Work request:
The listing below should be reproduced precisely, except for its images.

Source data:
= = =
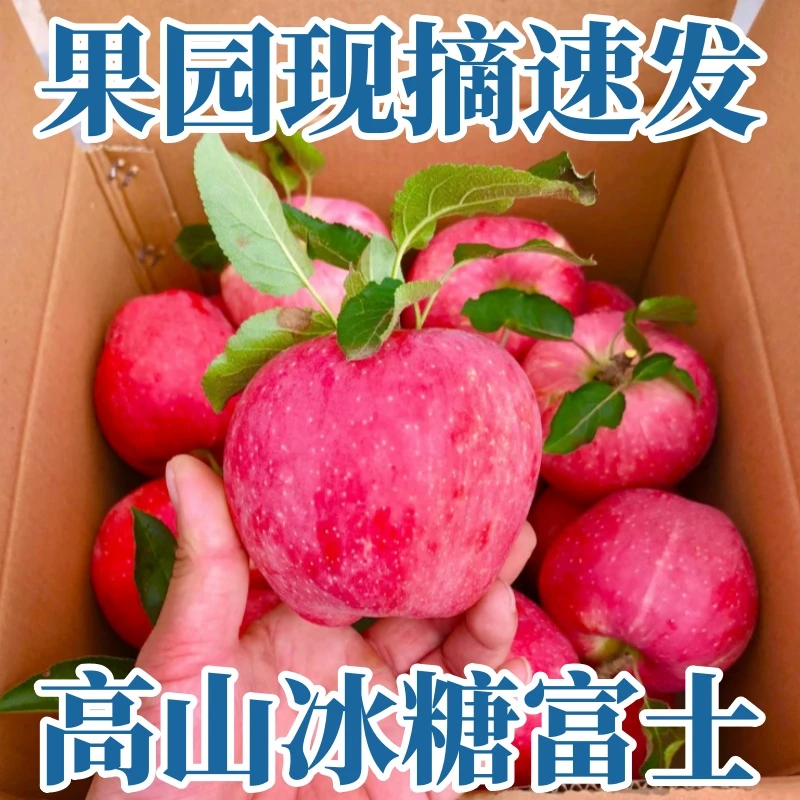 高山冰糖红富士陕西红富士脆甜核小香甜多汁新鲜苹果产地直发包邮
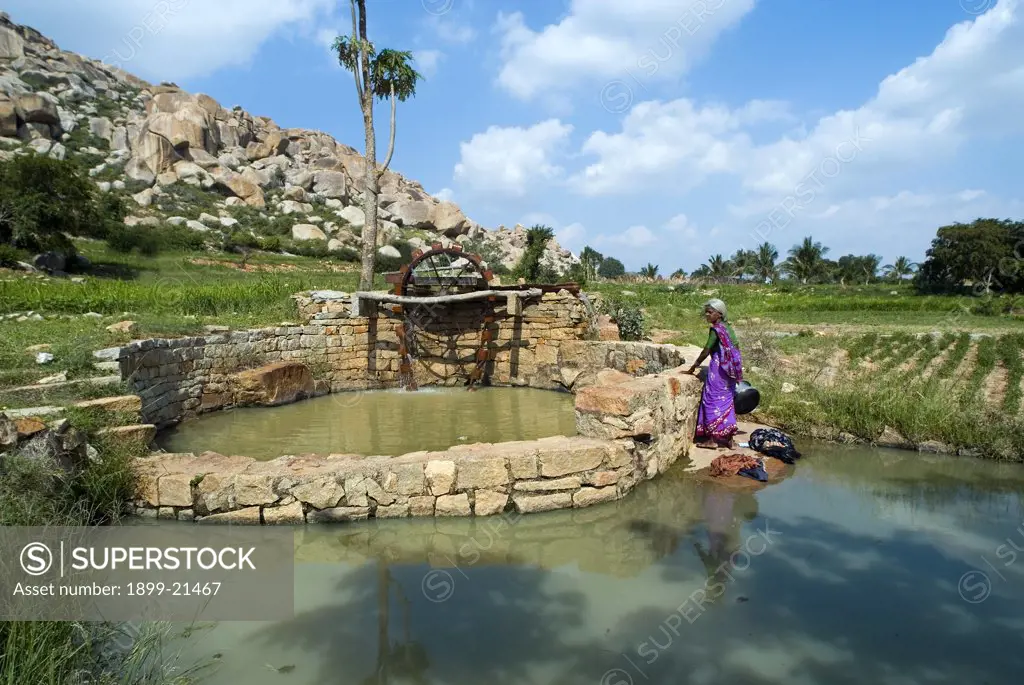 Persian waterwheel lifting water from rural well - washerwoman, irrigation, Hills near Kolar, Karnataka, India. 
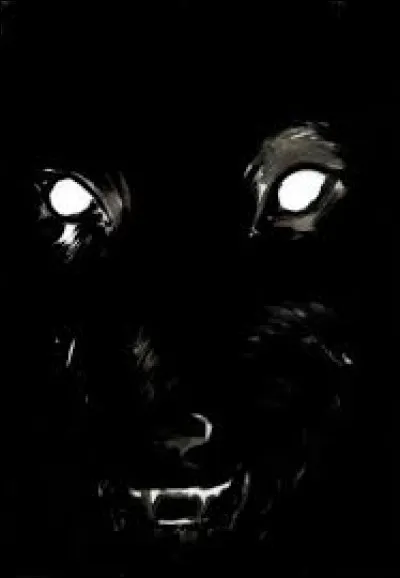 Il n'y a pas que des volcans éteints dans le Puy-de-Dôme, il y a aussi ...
= = =
Solution below:
 高山冰糖红富士陕西红富士脆甜核小香甜多汁新鲜苹果产地直发包邮
 Persian waterwheel lifting water from rural well - washerwoman, irrigation, Hills near Kolar, Karnataka, India. 
 Il n'y a pas que des volcans éteints dans le Puy-de-Dôme, il y a aussi ...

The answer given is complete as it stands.